Nadhi Sudhi – Nerve Purification

Nadhi refers to the energy channels in the body, in this case it refers specifically to the ida (feminine) and pingala (masculine) nadhis. The ida is a main channel on the left side of the spine and the pingala a main channel on the right. They are compared to the positive and negative poles in an electrical circuit. Their balance is critical for balance within the human being at physical, emotional and spiritual levels.
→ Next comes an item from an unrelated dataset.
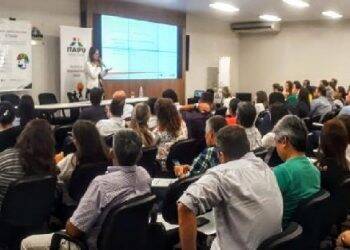 Saúde de Foz integra treinamento sobre manejo clínico da febre amarela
TECHNIQUE: This breath is similar to Dirgha Swasam, the Yogic Deep Breathing, with the addition of alternating the nostrils, isolating one at a time. Make a fist with the right hand extending the thumb and the ring and index together.  Inhale through both nostrils, close off the right nostril lightly with the thumb, and exhale slowly and deeply though the left nostril, twice the length of the inhale.  Begin a deep inhalation through the same nostril. Now close off the left nostril lightly with the fingers, release the thumb and exhale slowly and deeply through the right nostril. Inhale through the right again, then close off your right nostril with extended thumb and exhale through the left nostril. Continue with deep full breaths, starting each inhalation by releasing the abdomen and allowing it to expand, and continue while expanding the rib cage, and then the upper chest until the collarbones rise, exhaling in reverse. End your practice with an exhalation through the right nostril.

TIME:  3 minutes

BENEFITS:  Brings lightness of body, alertness of mind, good appetite, proper digestion, and sound sleep. The Nadhis are the subtle nerves or channels through which the prana flows throughout the system. By ensuring the nadhis are clean and strong, this practice brings health and vitality to every part of the body at the most fundamental level. This practice is also extremely calming to the mind.

Ujjayi – Hissing Breath

Ujjayi comes from a Sanskrit root ujji meaning victory. It assist in victory over the vritis or fluctuations of the mind. There is also victory over fluctuations in the breath.

TECHNIQUE:  After a complete exhalation, inhale slowly and evenly while tightening the glottis, which partially closes the opening in the windpipe, so that a continuous, soft hissing sound is heard. The exhalation is done the same way, producing the hissing sound. The sound should be a soft hiss and of even pitch and intensity throughout. The sound is completely from the back of the throat and not the nose. The same muscles used for ujjayi are also used for whispering. The sound should be audible only to the practioner. Excessively load ujjayi causes unnecessary stress on the muscles of the throat without increased benefit.

TIME:  There is no time restriction. The breathing should be done evenly throughout the practice. Even the least strain is to be avoided.

BENEFITS:  Strengthens and tones the muscles of the throat which is good for talking, singing and reducing snoring. Increases the control over the breath and is an aid to concentration. It relieves heat in the head and increases the digestive fire. It helps in the cure of asthma and other respiratory diseases. It adds luster to the face.